What you have to do: Further down are entries; set down exactly and only the lines from the one with "Roland G. Henin" up to and including the one with "Bathroom Flooring Chico - Texas", dropping each picture.
### Supplied records
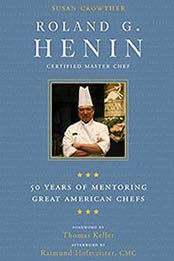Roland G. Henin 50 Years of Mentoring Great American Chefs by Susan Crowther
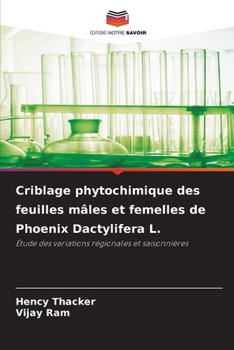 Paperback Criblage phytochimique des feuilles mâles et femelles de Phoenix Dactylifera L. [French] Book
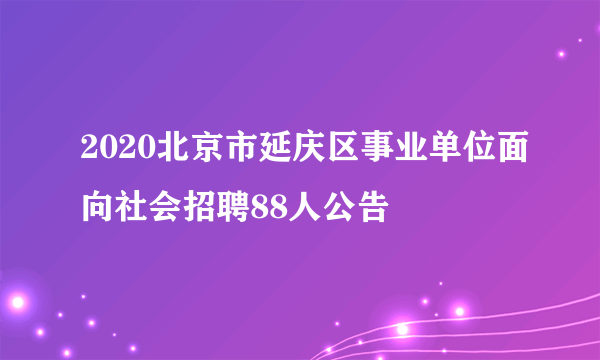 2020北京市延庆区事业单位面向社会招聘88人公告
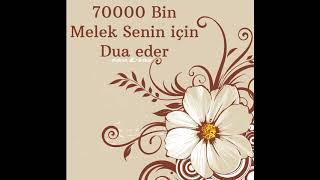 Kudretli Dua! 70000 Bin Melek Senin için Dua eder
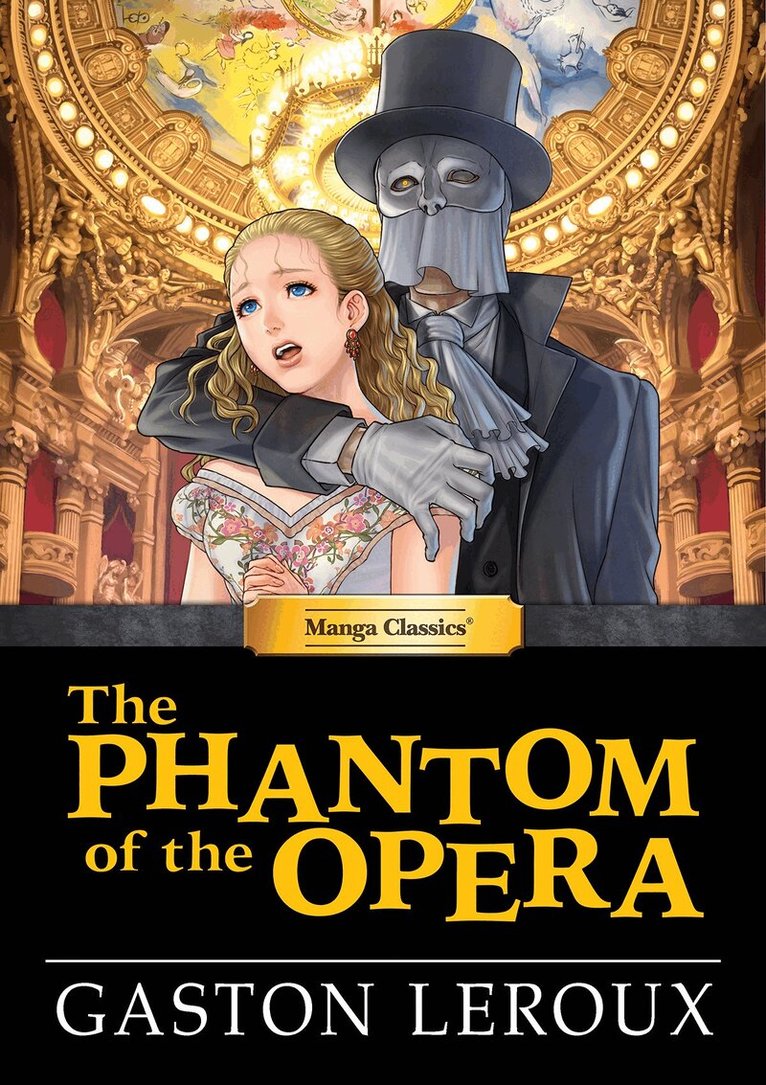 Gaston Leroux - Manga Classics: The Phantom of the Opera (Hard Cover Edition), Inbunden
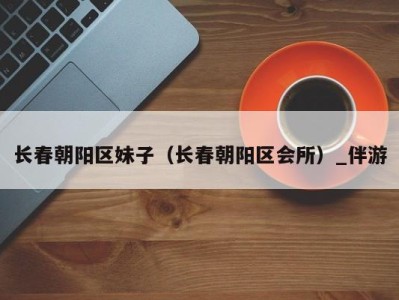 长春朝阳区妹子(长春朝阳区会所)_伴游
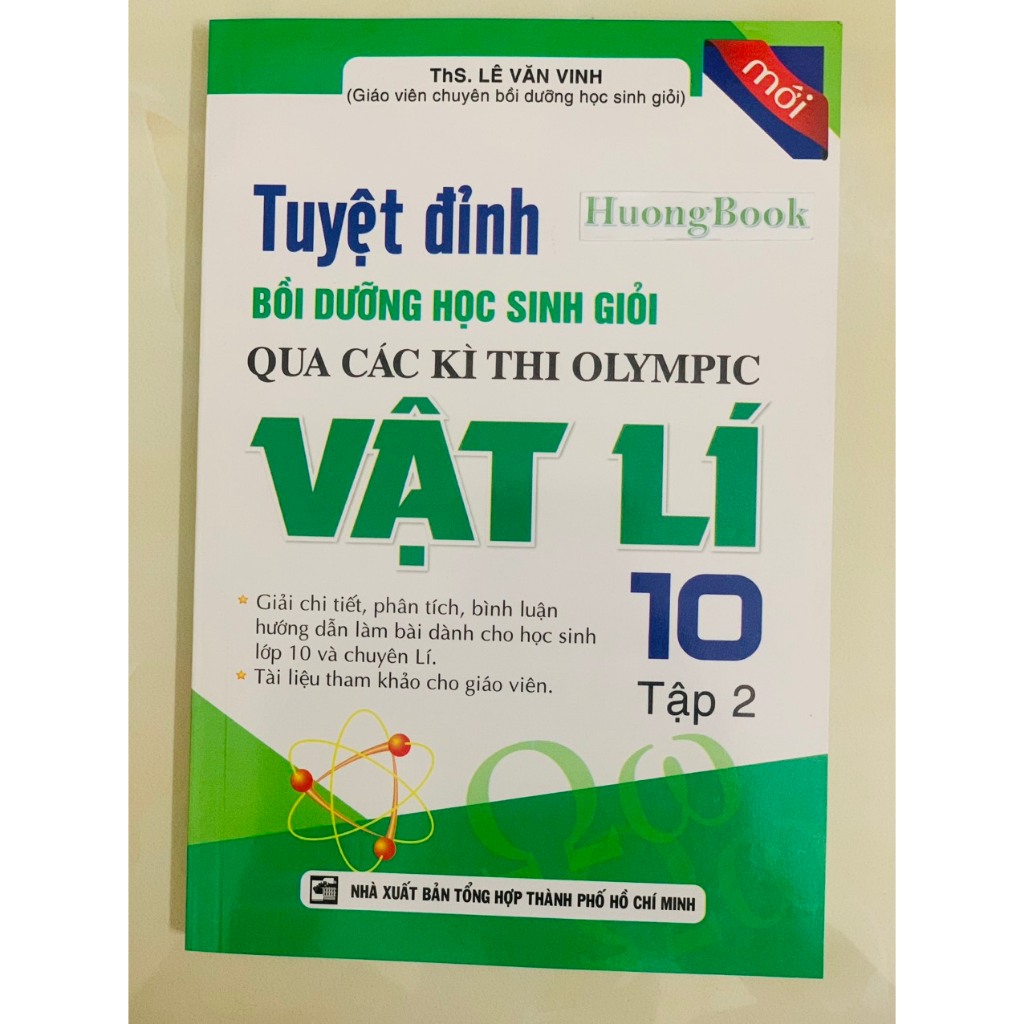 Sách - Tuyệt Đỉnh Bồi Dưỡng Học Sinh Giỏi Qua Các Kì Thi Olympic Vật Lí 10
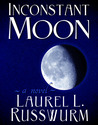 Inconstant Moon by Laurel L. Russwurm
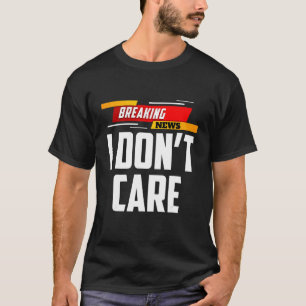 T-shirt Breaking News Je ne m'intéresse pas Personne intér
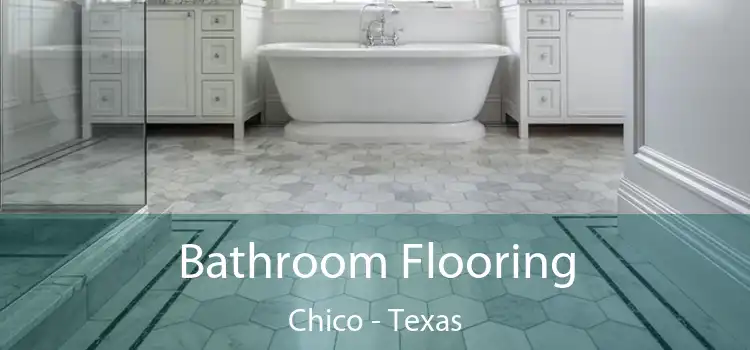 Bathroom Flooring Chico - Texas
######
### Supplied records
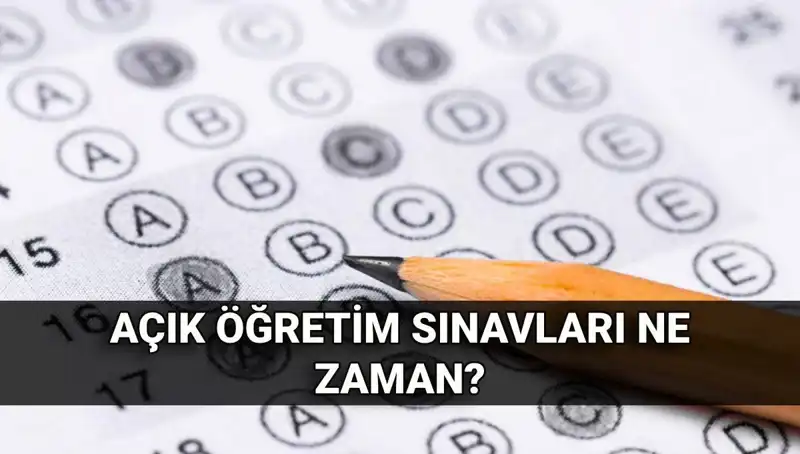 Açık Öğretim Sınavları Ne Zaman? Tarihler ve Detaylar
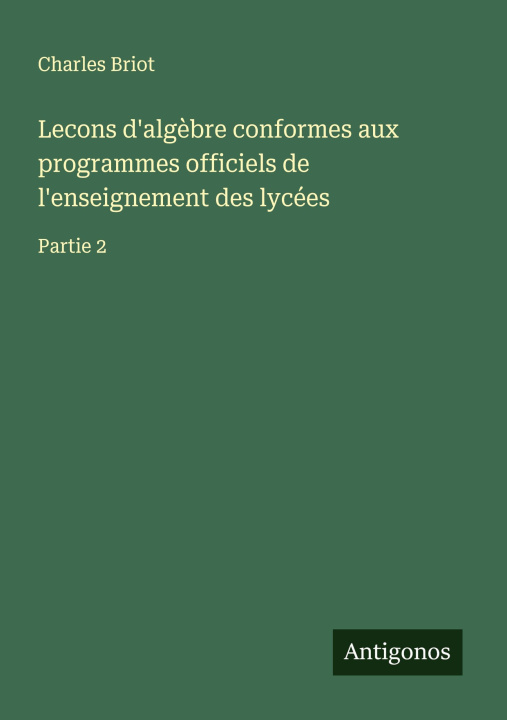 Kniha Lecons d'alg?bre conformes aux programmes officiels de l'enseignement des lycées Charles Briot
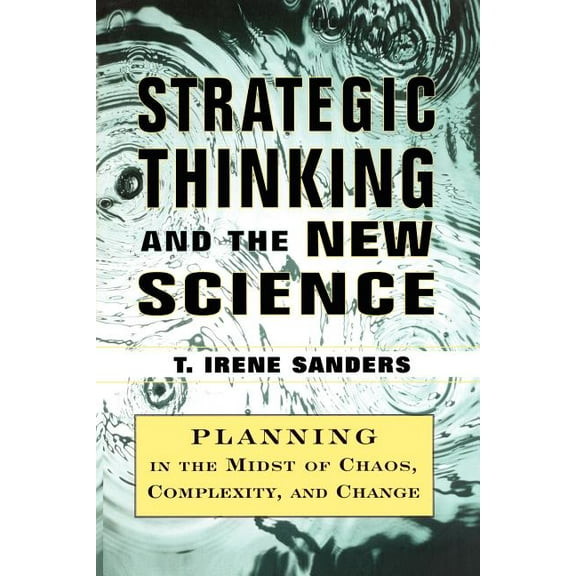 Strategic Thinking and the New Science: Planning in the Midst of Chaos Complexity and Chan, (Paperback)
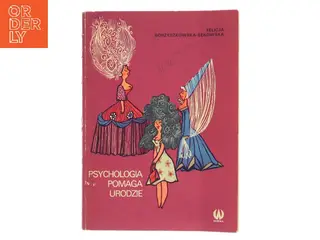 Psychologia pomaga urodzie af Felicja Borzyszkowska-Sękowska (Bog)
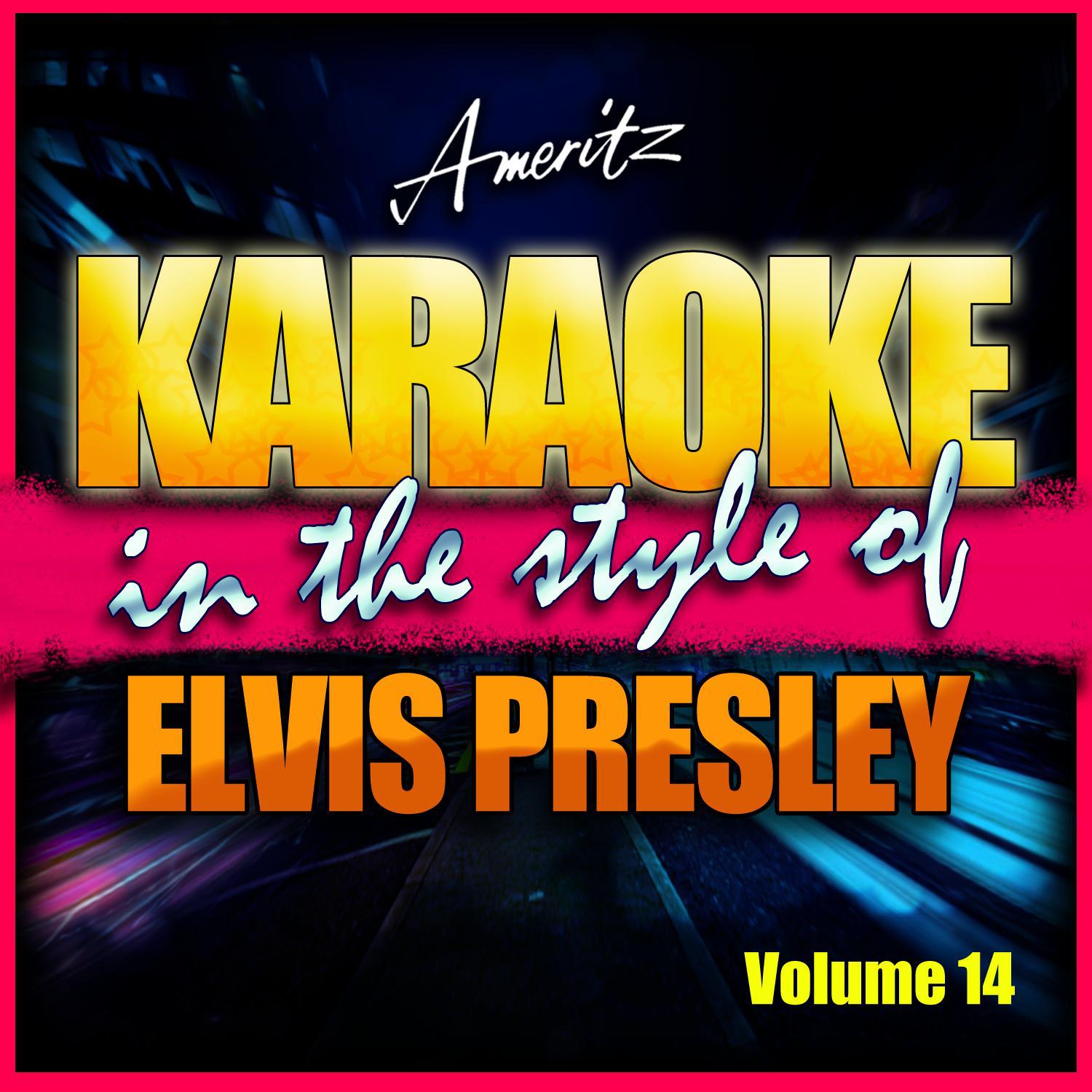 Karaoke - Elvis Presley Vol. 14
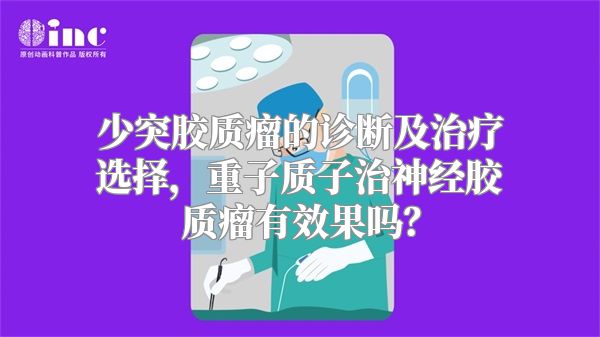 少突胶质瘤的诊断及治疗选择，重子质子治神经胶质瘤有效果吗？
######
Reply to the exercise:
Roland G. Henin 50 Years of Mentoring Great American Chefs by Susan Crowther
 Paperback Criblage phytochimique des feuilles mâles et femelles de Phoenix Dactylifera L. [French] Book
 2020北京市延庆区事业单位面向社会招聘88人公告
 Kudretli Dua! 70000 Bin Melek Senin için Dua eder
 Gaston Leroux - Manga Classics: The Phantom of the Opera (Hard Cover Edition), Inbunden
 长春朝阳区妹子(长春朝阳区会所)_伴游
 Sách - Tuyệt Đỉnh Bồi Dưỡng Học Sinh Giỏi Qua Các Kì Thi Olympic Vật Lí 10
 Inconstant Moon by Laurel L. Russwurm
 T-shirt Breaking News Je ne m'intéresse pas Personne intér
 Bathroom Flooring Chico - Texas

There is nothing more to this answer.